È una composta e sincera esaltazione della napoletanità, un tributo a cuore aperto alla passionalità e alla disperazione di un popolo e della sua terra, dalle cui pieghe trapela un altrettanto sentito omaggio ad uno dei suoi più coloriti ed eclettici cantori: Federico Salvatore.
Questo è il sentimento che trapela da “Sono apparso a San Gennaro” in scena al Teatro Cilea di Napoli fino al 30 ottobre. Scritto da Federico Salvatore e Mario Brancaccio, con la regia di Bruno Garofalo, lo spettacolo è pregevolmente portato in scena da un cast di tutto rispetto: Lello Giulivo, Mario Brancaccio, Patrizia Spinosi, Oscarino Di Mario, Gennaro Monti, Francesco Viglietti, Simona Esposito, Nicola D’Ortona, Luisanna Taranto, Antonio De Francesco e Tonia Carbone.

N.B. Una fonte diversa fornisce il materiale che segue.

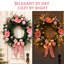 Couronne de Noël 24 po avec 20 lumières DEL, fleur de pin, boule et boule pour porte d'entrée, manteau de cheminée et décoration de fenêtre 24 po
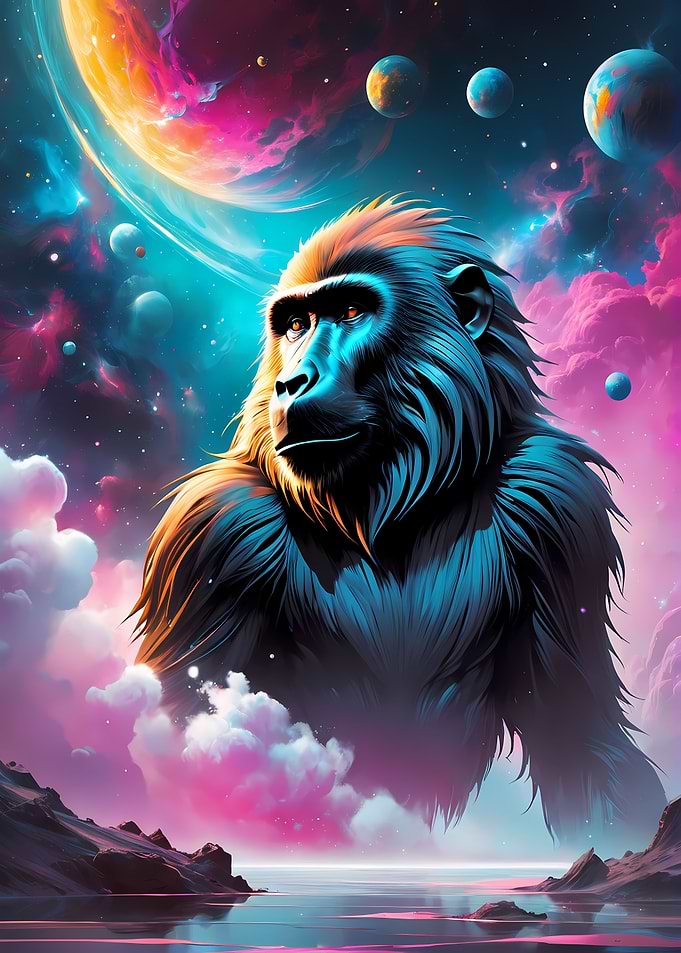 Baboon Cosmic Space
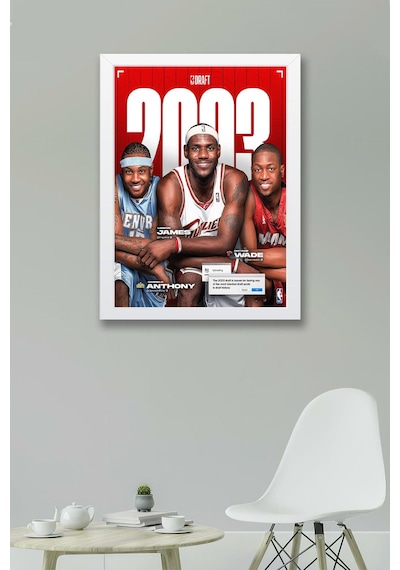 Lebron James Dwyane Wade Carmelo Anthony Çerçeveli Tablo - Basketbol Nba Posteri Tablo
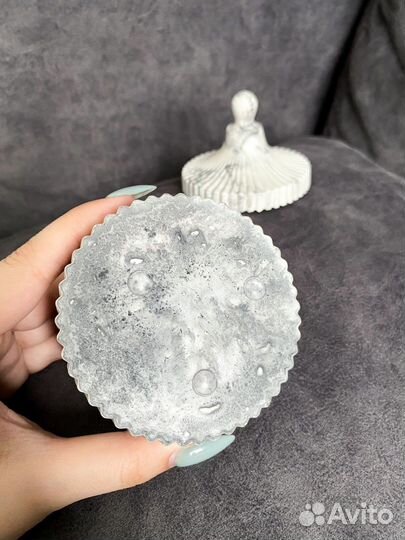 Кошпо Шкатулка Подсвечник из гипса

Mattatore dello spettacolo Federico Salvatore, nel duplice ruolo di “mammo” disperato e “grillo parlante” che personifica la voce della coscienza dei napoletani, oltre che del partecipato sentimento di esasperazione e disperazione che nasce da qual genere di avversità che scandiscono la vita di tantissimi napoletani: la disoccupazione, la povertà, il vortice di disperazione nel quale rimane imbrigliato chi finisce nella morsa del “cravattaro” e, soprattutto, un’ intima, suggestiva, accorata e profonda parentesi dedicata al mondo omosessuale con una struggente interpretazione di “Vennimme ammore”, uno dei brani più celebri dell’artista napoletano.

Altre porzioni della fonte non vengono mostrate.